Однако наибольшее практическое применение в это время из всех видов противолежания как конкретно-философских понятий получает соотнесенное, поскольку именно оно самым непосредственным образом связано с математическим знанием и законами формальной логики.
Благодаря всем этим видам противолежания можно было уже упорядочить различные свойства, явления и отношения реального мира не только посредством сравнительных понятий «больше», «меньше», «равно», но и посредством других сравнительных и количественных понятий.

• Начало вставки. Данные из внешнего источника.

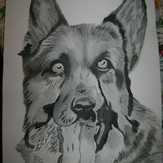 Рисунок "Собака"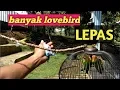Lagu Memikat Lovebird  yang pada LEPAS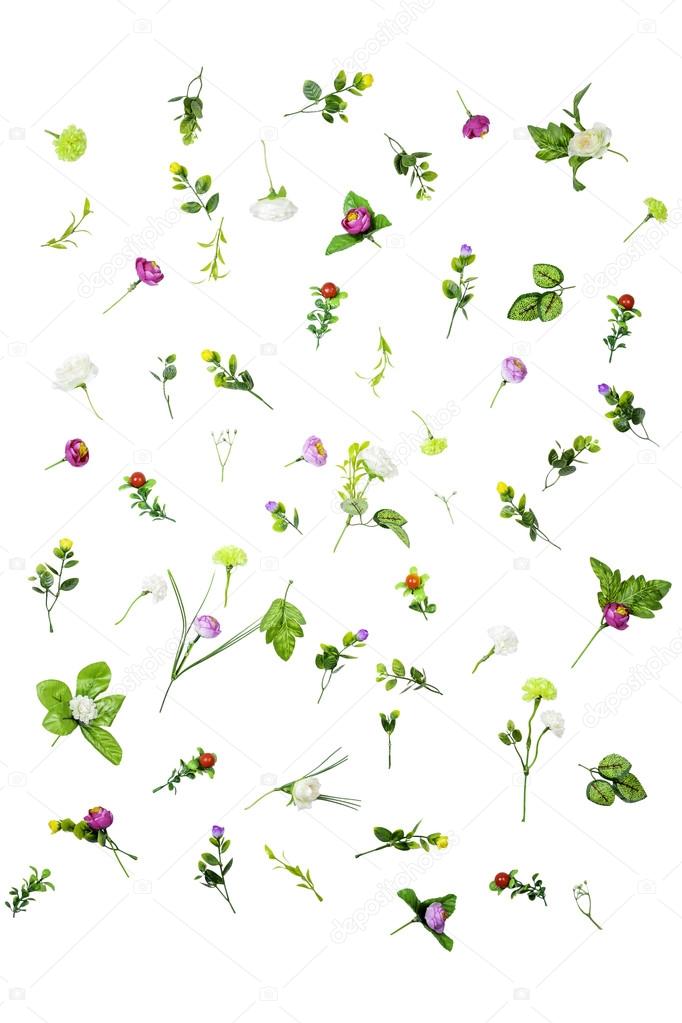 set of spring flowers isolated on white background
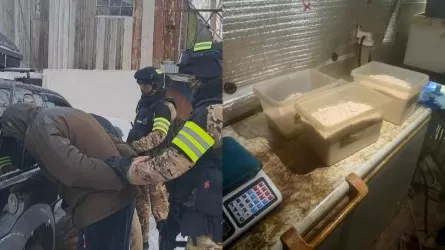 Тонну прекурсоров и десятки килограммов наркотиков нашли в Караганде  
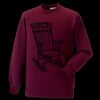 Kids raglan sleeve sweatshirt Thumbnail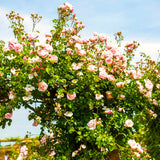 Live Pink Climbing Rose Plant, 5-9 Inch Starter For Landscape Garden Areas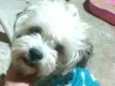 Nicki mestiço Lhasa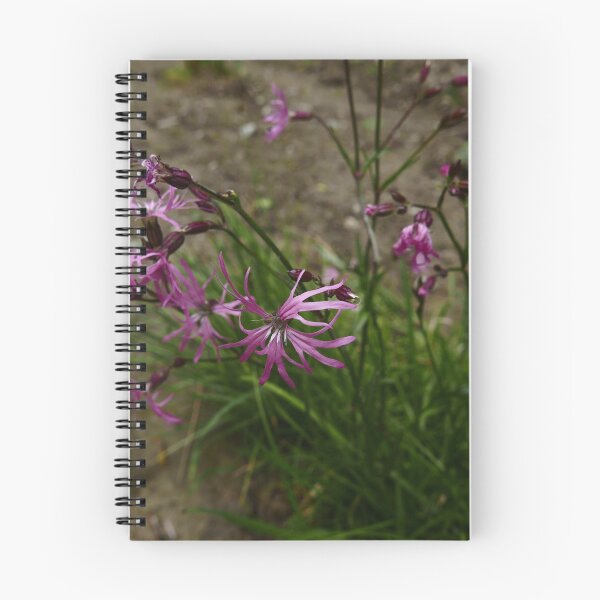Item preview, Ragged Robin (Lychnis flos-cuculi) designed and sold by IOMWildFlowers.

«Известно, – пишет Г. И. Рузавин, – что количественные понятия и язык использовались задолго до того, как возникло экспериментальное естествознание. Однако только после появления последнего они начинают применяться вполне сознательно и систематически. В физике язык количественных понятий наряду с экспериментальным методом исследования впервые успешно начал использовать Г. Галилей, который настолько высоко оценивал его значение, что считал его языком природы»57.
И действительно, с помощью формул, уравнений, функций и других математических понятий можно выразить количественные зависимости между самыми различными отношениями, характеризующими определенную степень их качественной однородности, тождественности.
«Именно вследствие такой однородности и общности они оказываются количественно и структурно сравнимыми. Самая большая трудность при математизации знания и состоит в том, чтобы выявить качественную однородность тех или иных классов явлений и тем самым показать, что они могут быть количественно сравнимыми»58.
Но это означает новый шаг по пути восхождения от одной ступени познания к другой, более конкретной, раскрывающей каждый раз все большее и большее различие между отождествляемыми сторонами.
В ходе упорной борьбы против схоластической физики, которая возводила свои принципы к учению Аристотеля, Галилей одним из первых на место чистого умозрения поставил опыт, поскольку интересы практики играли решающую роль в становлении его мировоззрения, в развитии его духовной жизни.